ABOUT THIS EXERCISE.
Every line from the one containing "Group of people" to the one containing "Little girl with teddy bear - 写真・画像" in the records below, both included, must be set down exactly, and no other line.

PROVIDED DATA.
· · · · ·

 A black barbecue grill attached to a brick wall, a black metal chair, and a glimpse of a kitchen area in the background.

· · · · ·

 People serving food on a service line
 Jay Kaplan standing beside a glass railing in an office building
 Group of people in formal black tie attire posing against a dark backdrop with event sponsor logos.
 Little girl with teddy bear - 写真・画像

· · · · ·

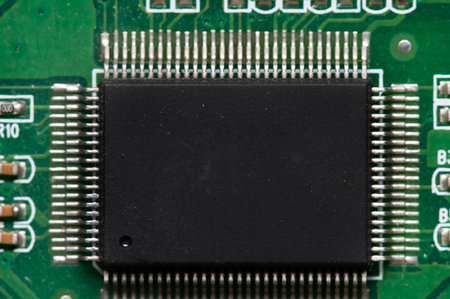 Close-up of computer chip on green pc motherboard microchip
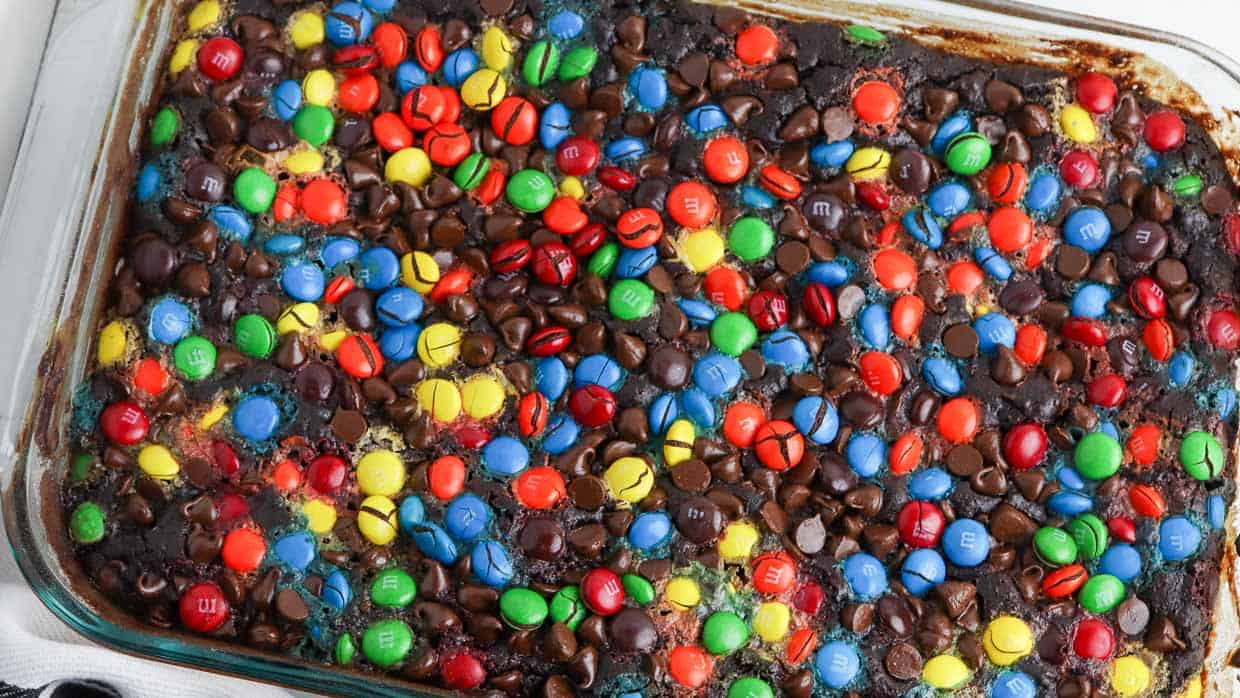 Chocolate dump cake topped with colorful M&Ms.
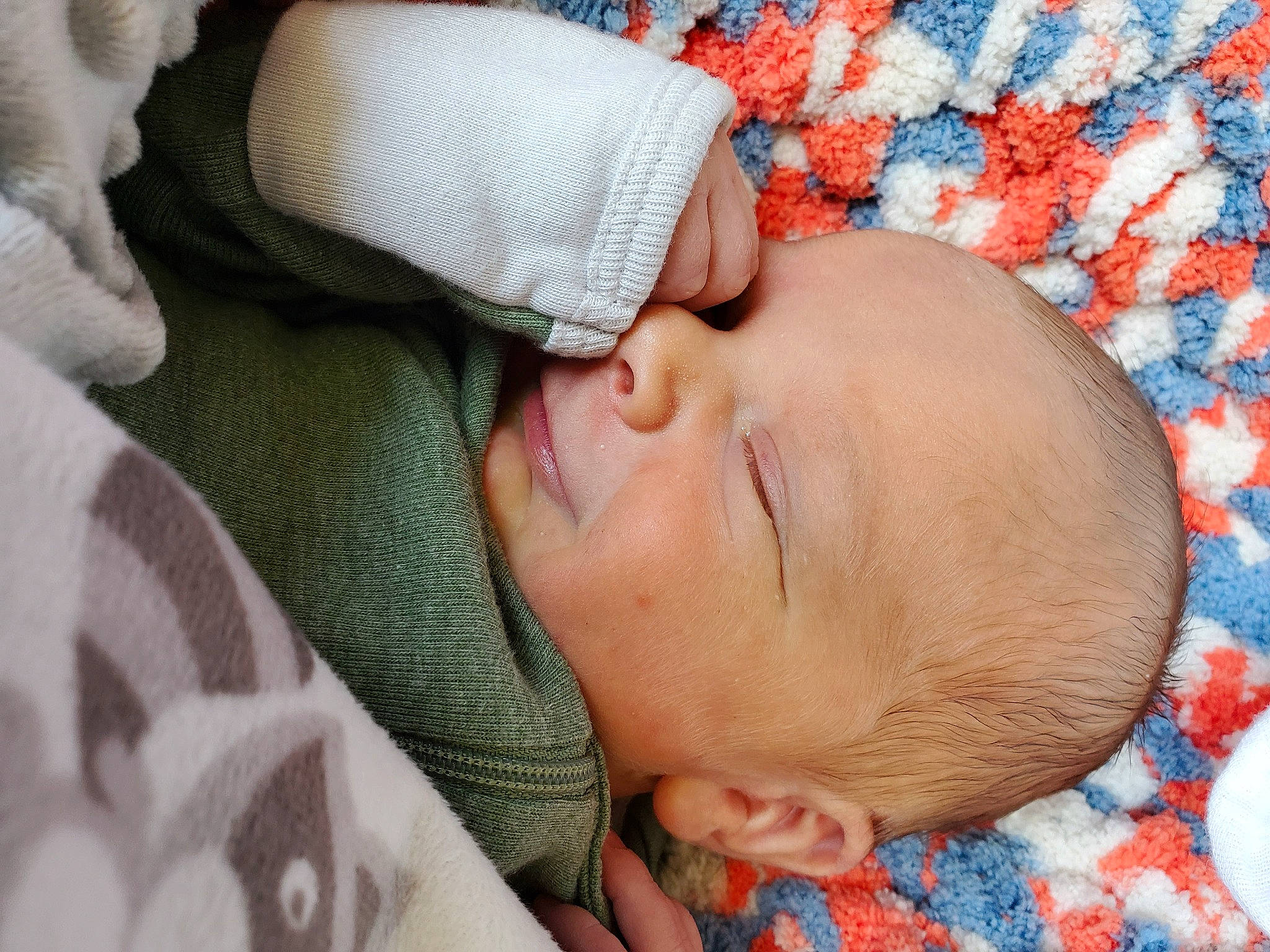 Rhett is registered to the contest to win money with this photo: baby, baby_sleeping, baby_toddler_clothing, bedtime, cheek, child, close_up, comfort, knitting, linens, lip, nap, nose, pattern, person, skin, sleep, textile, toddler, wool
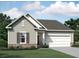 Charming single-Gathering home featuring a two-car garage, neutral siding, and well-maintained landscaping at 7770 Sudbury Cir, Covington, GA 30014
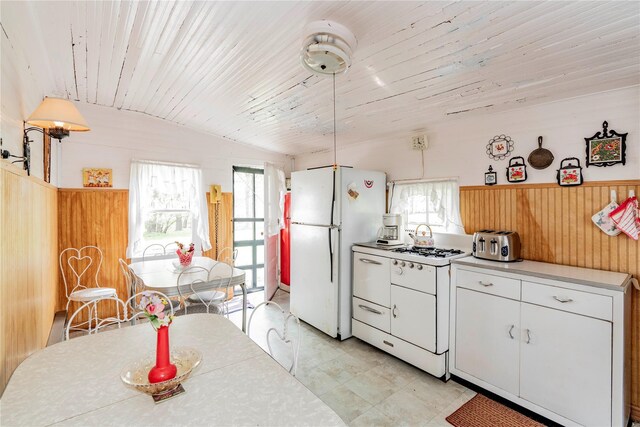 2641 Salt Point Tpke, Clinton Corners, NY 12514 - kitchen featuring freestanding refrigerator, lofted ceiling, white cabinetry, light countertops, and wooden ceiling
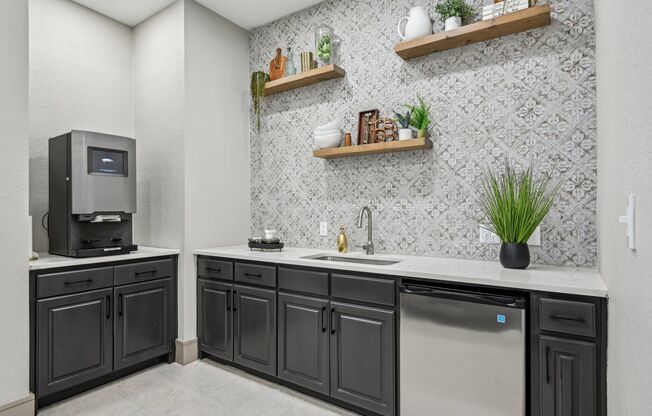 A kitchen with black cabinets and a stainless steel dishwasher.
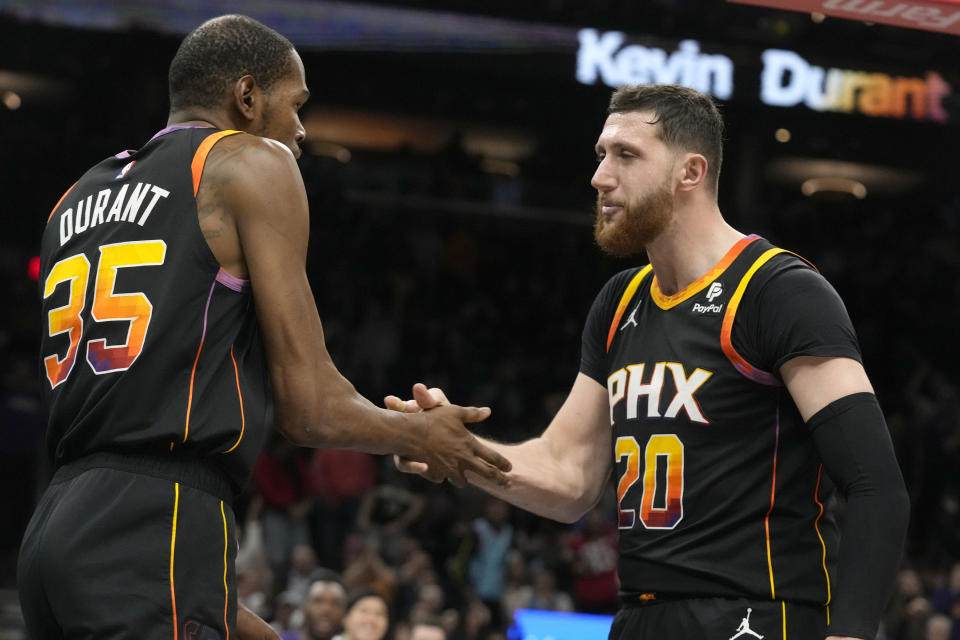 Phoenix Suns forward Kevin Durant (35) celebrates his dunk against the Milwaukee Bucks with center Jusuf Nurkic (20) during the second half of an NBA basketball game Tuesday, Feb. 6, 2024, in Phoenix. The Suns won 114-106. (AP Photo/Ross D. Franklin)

· · · · ·

TASK RESPONSE.
 Group of people in formal black tie attire posing against a dark backdrop with event sponsor logos.
 Little girl with teddy bear - 写真・画像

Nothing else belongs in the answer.